What saddens me is that, since Blair, we no longer have a genuinely social democratic/democratic socialist Party here! If Labour are elected next May, they are committed to cutting social spending, not raising corporate taxation on Big Business or personal taxation on the wealthy (their 50p top rate of tax will have only a marginal impact on the top 1% of the income/wealth distribution, due to their ability to avoid/evade tax), spending £100 billion on Trident and its replacement, and generating a wholly unnecessary budget surplus by the end of the Parliament, when the simple expedient of taking back control of the Bank of England and monetary policy by repealing their own ludicrous 1998 Bank of England Act would enable them to pay the entire National Debt, if they chose, without making a single spending cut. (It would be an interesting economic experiment!)
Instead, we are told that Labour is no longer about taxing and spending, when it, like any other Party of the left, is a tax-and-spend Party or it is nothing.
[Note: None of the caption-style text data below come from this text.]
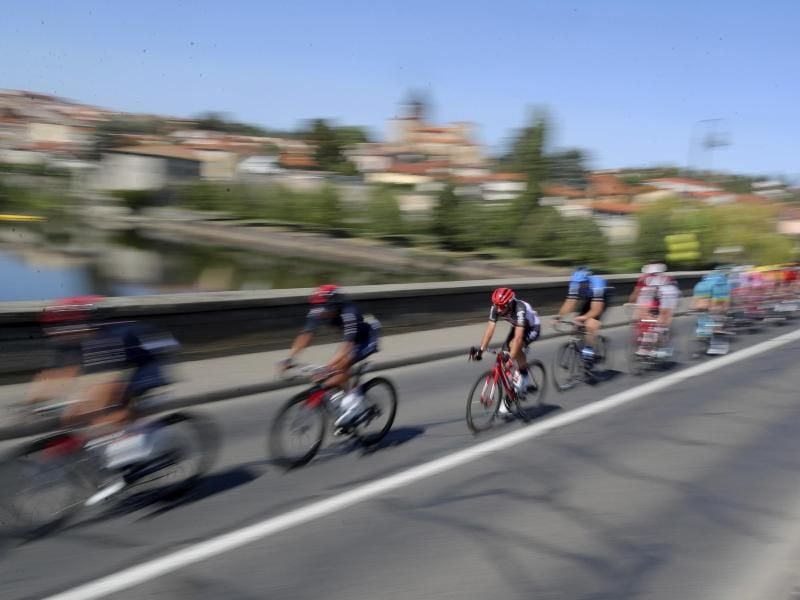 Am zweiten Ruhetag wurden bei allen 22 Tour-Teams insgesamt 785 Kontrollen auf das Coronavirus durchgeführt. Foto: Thibault Camus/AP/dpa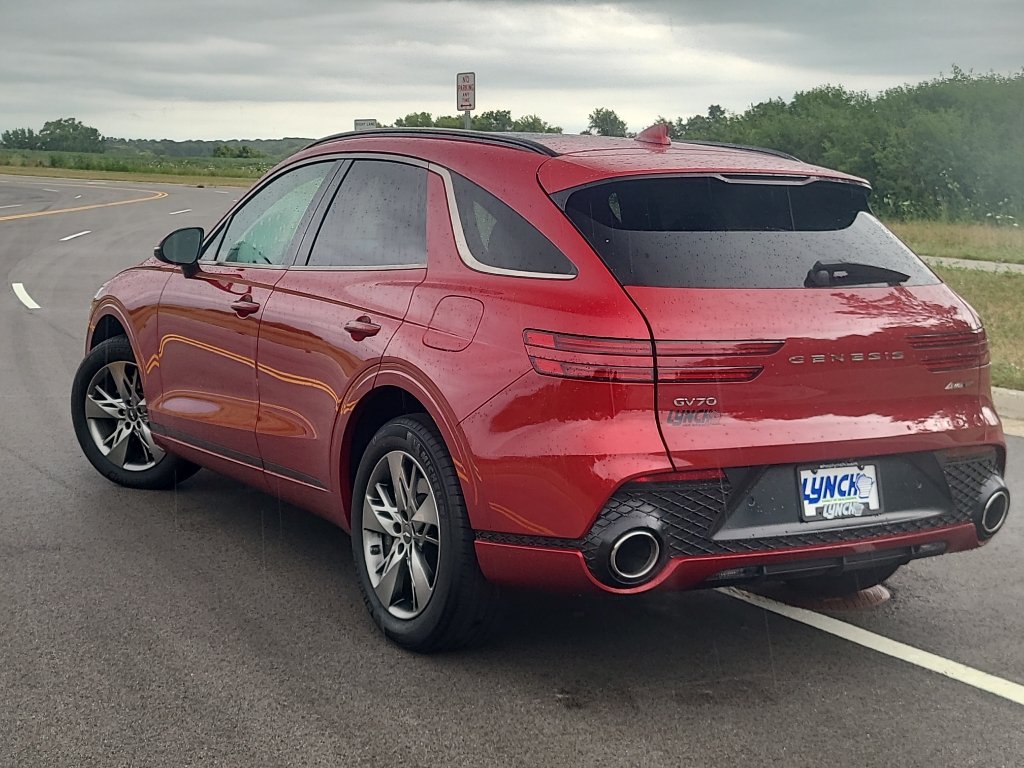 Used 2024 Genesis GV70 3.5T Sport AWD/4WD image 2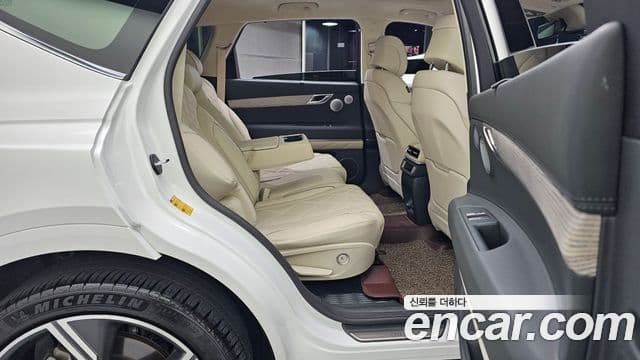 Genesis GV80 2025 — ფოტო 31/33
If it ceases to be a tax-and-spend Party, it loses its entire raison d’être, and becomes completely otiose. Anyone with two brain cells to rub together can see this, but not Ed Miliband or Ed Balls. What does _that_ say about their mighty Oxbridge-educated intellects?
“I did look at other economic models………….and from history they have failed to improve the standard of living for the poor, brought misery to millions and utterly failed to bring all the supposed wonders you claim other then causing the wealthy to leave.
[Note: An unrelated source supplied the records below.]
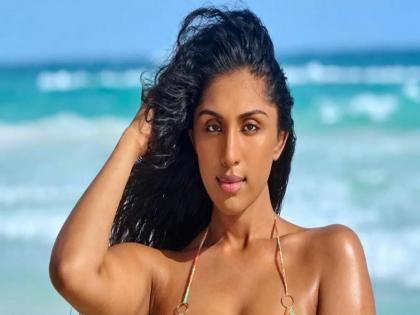 Manju Bangalore swim model bikini photographs viral, know who is she | कोण आहे ही मंजू बॅंगलोर? जिचा बिकीनी फोटो सोशल मीडियावर झाला व्हायरल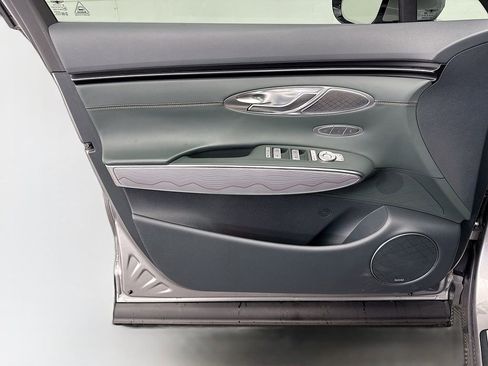 Used 2023 Genesis GV70 2.5T w/ Advanced Package image 23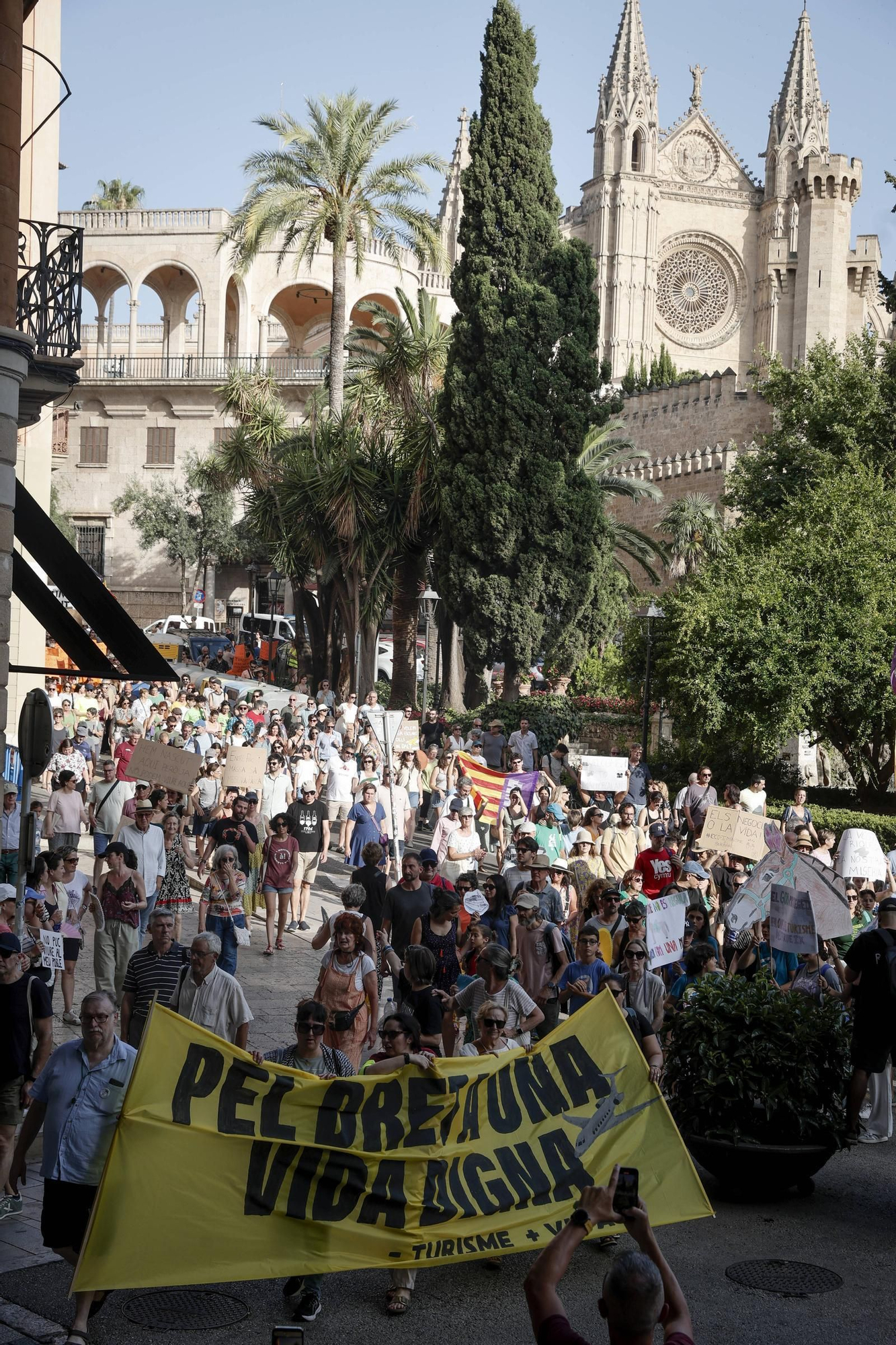 Las mejores pancartas y las imágenes de la manifestación contra la saturación turística en Mallorca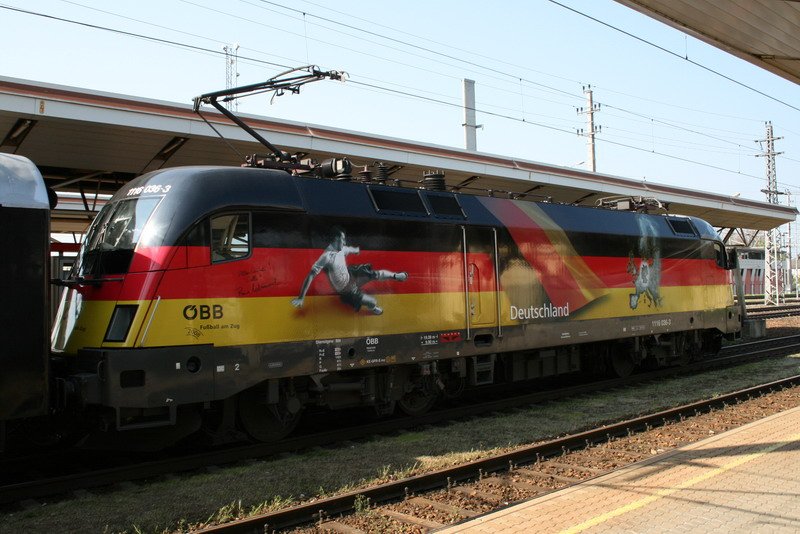 EM-Lok Deutschland (1116 036)am 27.04.2008, ca 09:55 angespannt beim BB Intercity 544 Fahrtrichtung Salzburg. Aufgenommen am Bahnhof Amstetten.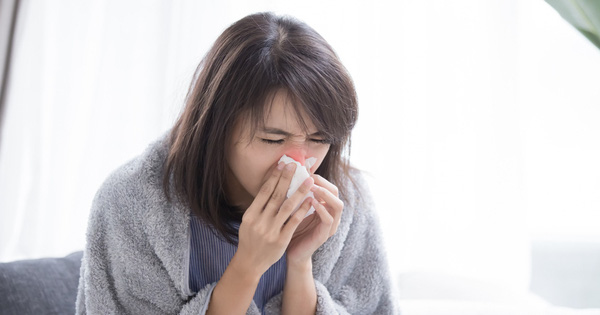 Bác sĩ BV Hồng Ngọc chỉ ra 2 con đường lây bệnh cúm giữa thời điểm giao mùa virus sinh sôi nhiều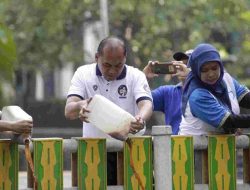 Kendalikan Kwalitas Air, Walkot Jakbar Bersama Sudin Terkait Tuangkan Eco Enzyme Di Saluran Terbuka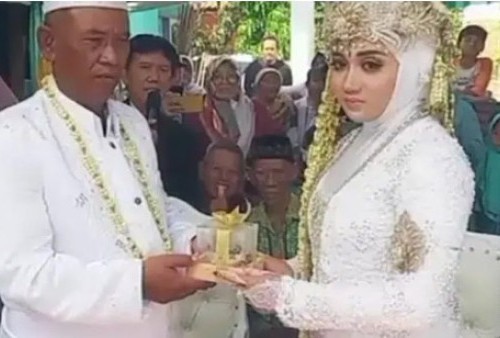 Viral Lagi, Kakek 71 Tahun di Subang Persunting Gadis Cantik Berusia 19 Tahun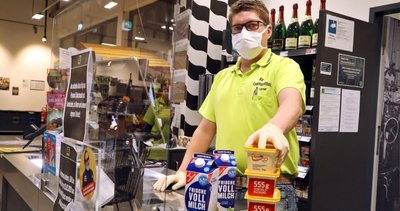 Robert Löbners Arbeit im Edeka-Markt in Hohenstein-Ernstthal ist nicht mehr, wie sie früher war: Er schützt sich und andere mit Atemmaske und Handschuhen vor dem Coronavirus. Die Mitarbeiter leisten Überstunden und müssen außerhalb der Öffnungszeiten die leeren Regale befüllen. Tagsüber kommen sie damit derzeit nämlich kaum hinterher. 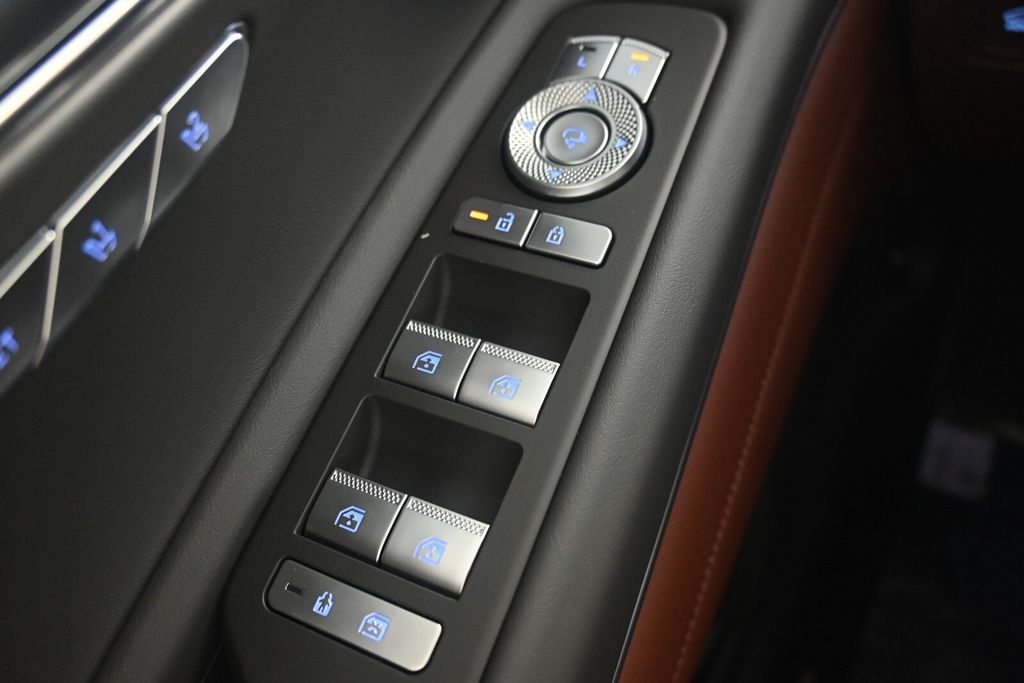 Thumbnail: 2025 Genesis GV80 - 20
Which is why the vast majority of the World runs Capitalist open market economies with tax rates under 50%. If you want to convince me you will need more than the self righteous moral superiority you show here……….show me where it has worked!”
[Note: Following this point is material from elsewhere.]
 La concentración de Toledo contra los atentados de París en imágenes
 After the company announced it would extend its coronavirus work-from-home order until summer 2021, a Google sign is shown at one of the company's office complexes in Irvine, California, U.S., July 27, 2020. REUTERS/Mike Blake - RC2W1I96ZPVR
I’m afraid this reads like a typical response from the right, where any attack on the supposed ‘wonders’ of the failed neoliberal model is countered by shouting about the failures of Communism, as though the only possible forms of economic and political organisation are these two extremes. This is the kind of thing only fanatics and the simple minded believe.
All the Nordic countries, not just Sweden, are market economies, but they have a significant degree of wealth redistribution through the taxation and social security systems. Denmark, for example, is one of the most equal countries on Earth, and frequently comes top in surveys of national well-being.
As for bringing misery to millions…..what about the depression of the 1930s, brought about by the kind of capitalism you seem to think is so wonderful. What about the situation we’re in now, where we’ve only avoided another colossal depression by bailing out a failed banking system at enormous cost to the rest of society? This banking system failed because those running it thought the same way you do.
By the way, expecting that those with wealth and power pay their fair share in taxes and actually show some thought for the welfare of others in this world is not self righteous moral superiority, except to those who think that selfishness and egotism are the best qualities in a human being.
As I said before, you really do need to start researching economics and politics more. I suggest Ha-joon Chang’s ’23 things they don’t tell you about economics’, or ‘Freefall, Free Markets and the Downfall of the Global Economy’ by Joseph Stiglitz, just for starters.